Perhaps the largest and most prominent political question that Americans are asking themselves today is whether or not Donald Trump makes it to 2024 election a free, (or legally unencumbered), man.
The former Commander in Chief is facing a number of litigious lurches in 2023, ranging from the criminal referrals made to the DOJ by the January 6th select committee, to a massive tax case against his organization in New York.
But perhaps his most serious and salient threat comes from the Peach State, where recent comments by the Fulton County District Attorney seem to indicate that there could be criminal charges forthcoming.
Former President Donald Trump and his allies have been put on notice by a prosecutor, but the warning didn’t come from anyone at the Justice Department.
It was from a Georgia prosecutor who indicated she was likely to seek criminal charges soon in a two-year election subversion probe. In trying to block the release of a special grand jury’s report, Fulton County District Attorney Fani Willis argued in court last week that decisions in the case were “imminent” and that the report’s publication could jeopardize the rights of “future defendants.”
Though Willis, a Democrat, didn’t mention Trump by name, her comments marked the first time a prosecutor in any of several current investigations tied to the Republican former president has hinted that charges could be forthcoming. The remarks ratcheted anticipation that an investigation focused, in part, on Trump’s call with Georgia’s secretary of state could conclude before ongoing federal probes.
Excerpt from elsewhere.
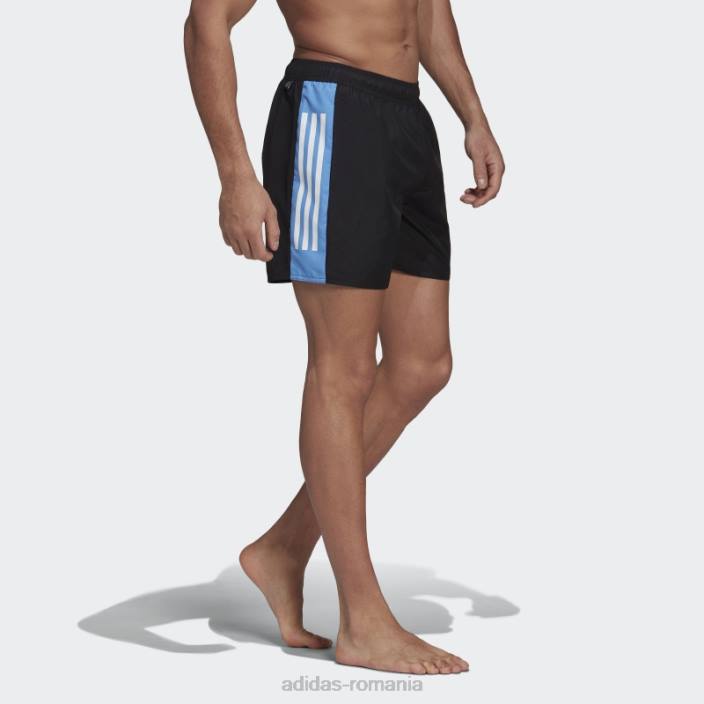 Adidas pantaloni scurți de baie colorblock cu 3 dungi de lungime scurtă, negru bărbați negru/albastru real 2JBN15241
Experts seemed to agree that the Georgia case is moving quickly.
“I expect to see indictments in Fulton County before I see any federal indictments,” said Clark Cunningham, a Georgia State University law professor.
“She wouldn’t be talking about the release of the report creating prejudice to potential future defendants unless she saw in the report peoples’ names who she saw as potential future defendants,” he added.
Trump maintains that he did nothing wrong in regard to his post-election conversations with Georgia officials, claiming that Willis’ investigation is a politically-motivated hit job that is outside of the scope of her duty.